There are strict requirements for the accounts of housing associations and private registered providers of social housing, so having a knowledgeable accountant will be a worthwhile investment for your non-profit.

But what should you look for in an accountant for housing associations? How should you go about choosing one?

In this article, we’ll discuss what to look for to help you choose a good accountant. Feel free to get in touch if you have any questions.

Setting up

If you are setting up a housing association, the structure of your association is an important consideration. Some people approach the process wanting to be the sole trustee, but this is not always the best option. Having a board of trustees (they don’t have to be paid) can be a beneficial option if you are inexperienced with management.

Your accountant will be able to help you structure your housing association in such a way that it benefits your business going forward.

Experience with SORPs

When it comes to accounting and housing associations, Statement of Recommended Practices (SORPs) interpret the recommended practices for accounting and financial reporting. It’s important that the accountant you choose has experience with SORPs and can apply the best practices to your association.

The SORPs detail things like what is and is not included in operating surplus, and they clarify when undue cost or effort is excluded from valuations.

Experience in the social housing sector  

Since social housing is provided by the likes of not-for-profit organisations and local councils, the accounting requirements are different to for-profit companies in the housing sector. So, in addition to expertise in SORPs, your accountant should also have experience working in the social housing sector specifically.

The private and not-for-profit housing sectors are different. There are affordable housing incentives and other grants available with social housing.

Specialised advice

Your accountant’s experience working with housing associations should stand you in good stead for specialised advice.

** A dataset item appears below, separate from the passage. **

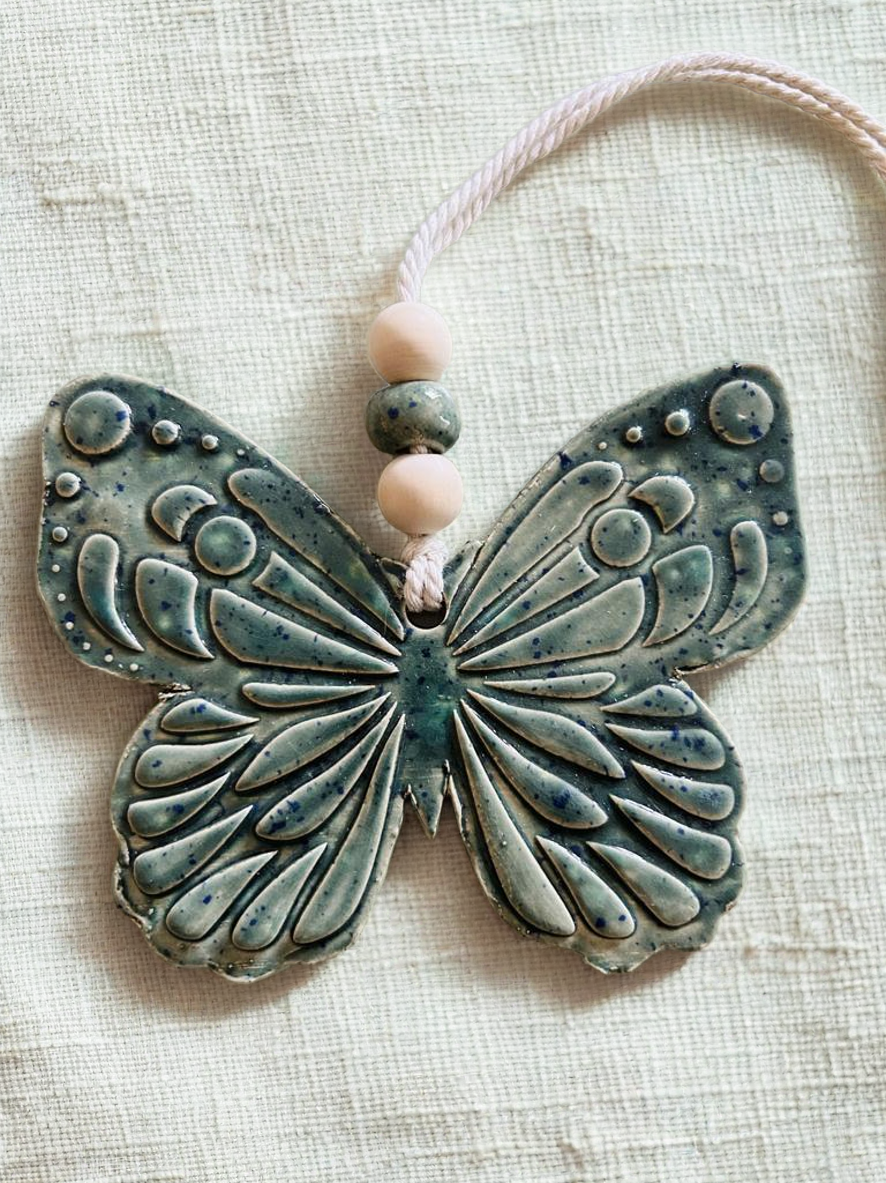 Diffuseur d'huile essentielle forme papillon en céramique vert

Your accountant should be able to tell you about the funding, grants and incentives available to you from the Government and other charities. They should also be able to help you understand how you can minimise your tax liability with tax reliefs. For example, it may be possible to reduce corporation tax liabilities.

Overall

If you are setting up, the right accountant for your housing association will be able to help you structure your company in a tax efficient way. It’s important to choose an accountant who has experience with SORPs and housing associations.